Nach dem Regierungswechsel im Oktober 1998 wurde er zum Staatssekretär im Bundesministerium der Finanzen berufen (Kabinett Schröder I). Er beriet den damaligen Bundesfinanzminister Oskar Lafontaine bei dessen Vorhaben, gemeinsam mit dem französischen Finanzminister Dominique Strauss-Kahn eine keynesianische Finanz- und Währungspolitik auf europäischer Ebene zu etablieren. Nach dem Ausscheiden Oskar Lafontaines im März 1999 als Bundesfinanzminister endete im April 1999 auch Flassbecks Tätigkeit als Staatssekretär.

Die Hamburger Universität für Wirtschaft und Politik ernannte Flassbeck im März 2005 zum Honorarprofessor.[1]

„Das Ende der Massenarbeitslosigkeit“

In dem gemeinsam mit der Ökonomin Friederike Spiecker verfassten Buch Das Ende der Massenarbeitslosigkeit (2007) stellt er die Gründe für die langjährige Wachstumsschwäche und die hohe Arbeitslosigkeit in Deutschland als Folge einer nicht an der Nachfrage orientierten Politik dar. Die Autoren plädieren stattdessen für Wirtschaftspolitik, die keynesianischen Grundideen folgt.

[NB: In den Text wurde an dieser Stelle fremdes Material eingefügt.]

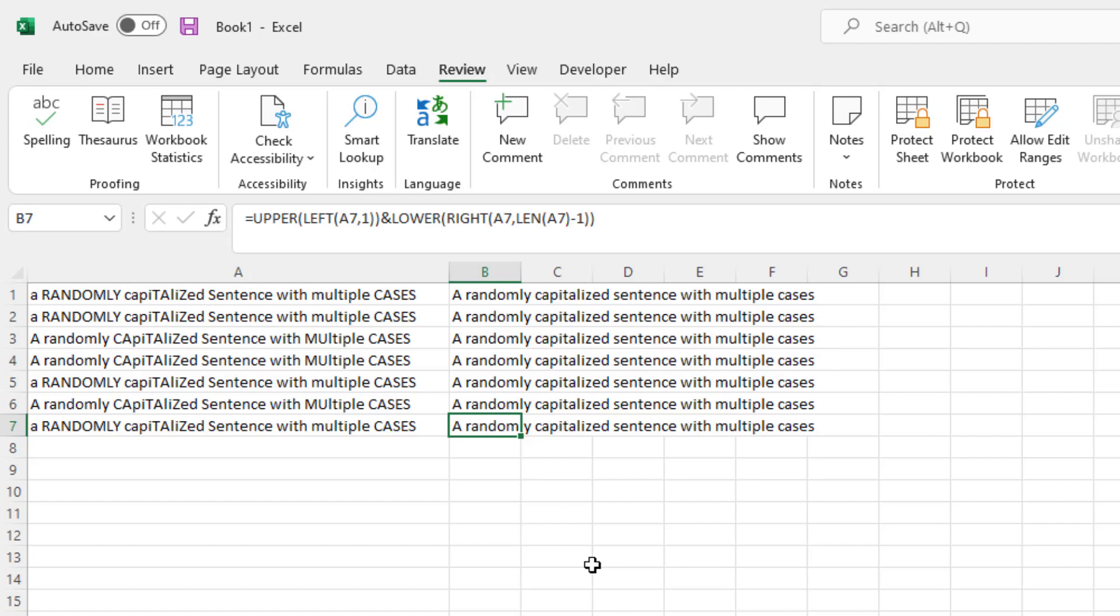For more ways, tips and tricks on how to capitalize sentences and names and things like that in Excel, watch some of our other videos, like how to convert text into uppercase, lowercase, and propercase.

Stellungnahmen zur aktuellen Wirtschaftspolitik

Flassbeck vertritt seine dem Keynesianismus verpflichteten Positionen in Wirtschaftstheorie und Wirtschaftspolitik häufig in den Medien. So forderte er im April 2010 angesichts der Staatsverschuldungskrise im Euroraum, „die Geschäfte der Zocker und die normalen Marktaktivitäten“ von Banken zu trennen.[2] Die Funktion der Ratingagenturen solle nicht länger Privaten überlassen werden. Die von Griechenland geforderte Austeritätspolitik sei unrealistisch; das Grundproblem sei nicht Griechenland, sondern das ökonomische Ungleichgewicht im Wirtschaftsraum Europa, insbesondere was die Wettbewerbsfähigkeit der südeuropäischen Mitgliedsländer angeht.[3]

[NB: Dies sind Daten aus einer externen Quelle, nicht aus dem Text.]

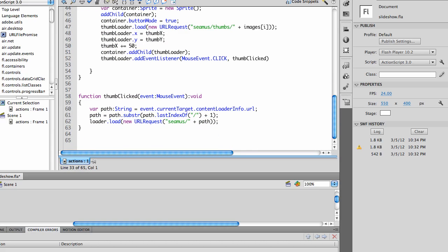Thumb clicked is going to get a path, which is my variable, path name of string type, and I'm going to get the current target content loader info dot url. This will give me the url of the current path.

Publikationen (chronologisch)

Weblinks

Einzelnachweise

  1. Personendaten zu Heiner Flassbeck bei der Universität Hamburg
  2. Dem Irrsinn Einhalt gebieten. Interview, geführt von Simone von Stosch, tagesschau, 28. April 2010.
  3. "Man könnte auch die Rating-Agenturen vollständig abschaffen". Interview Deutschlandradio mit Marcus Pindur, 30. April 2010.